HICK: A Love Story, The Romance of Lorena Hickok and Eleanor Roosevelt

By Terry Baum with Pat Bond; Directed by Carolyn Myers and Adele Prandini
Produced by
Lilith Theater San Francisco
Part of the 2015 New York International Fringe Festival

Off Off Broadway, Solo Show
Runs through 8.28.15
VENUE #6: DROM, 85 Avenue A


by Eleanor J. Bader on 8.22.15

HICK a Love StoryTerry Baum in HICK: A Love Story. Photo by Lynne Fried.


BOTTOM LINE: This honest and revealing one-woman show chronicles the 30-year relationship between journalist Lorena A. Hickok and First Lady Eleanor Roosevelt, exposing both the impact of internalized homophobia and the ways in which the women's not-so-secret affair was sustained and nurtured.

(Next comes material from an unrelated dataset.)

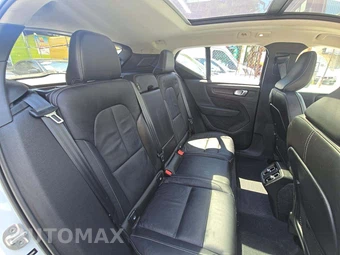 2024 Volvo XC40 B5 Core Bright Theme – miniatura 16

The press called Lorena Hickok "rumpled, fat, and masculine," but to US First Lady Eleanor Roosevelt, "Hick" (well played by Terry Baum) was simply her darling. After ER's relationship with husband Franklin Delano Roosevelt became platonic, she struck up a friendship-turned-romance with Hickok, then a "gal reporter" covering the 1932 presidential election for the Associated Press. Hickok was a force, the first woman to have her byline on the front page of the New York Times and a well-respected journalist whose hard-hitting, pull-no-punches stories rivaled those of her male colleagues. Sassy and foul-mouthed—Baum reveals that Hickok could cuss like the best of them—she refused to kowtow to either bosses or social expectations.

The pair met when Hickok was assigned to interview ER; she was immediately smitten. Already aware that she was drawn to women, Hickok did not dare to imagine that her feelings would be reciprocated. But they were.

Terry Baum's performance as Hickok is exceptionally nuanced. At times she presents as a self-questioning "oddity" in a world of straight couples and heteronormativity. Then, almost inexplicably, the tables turn and she presents as bold, unapologetic, and forthright about both her professional and sexual identities.

She and ER were very much in love, she confides. Despite being "as different as chalk and cheese," Hick notes that when they were together they functioned  "like two violins vibrating in unison." It's a lovely depiction, aided by periodic voiceovers (read by the unseen Paula Barish) that reveal bits-and-pieces of the more than 2,300 letters—some of them explicitly romantic—that ER hand penned to Hick between 1932 and 1962. It's easy to relate to Hick as she swoons and smiles in recollection.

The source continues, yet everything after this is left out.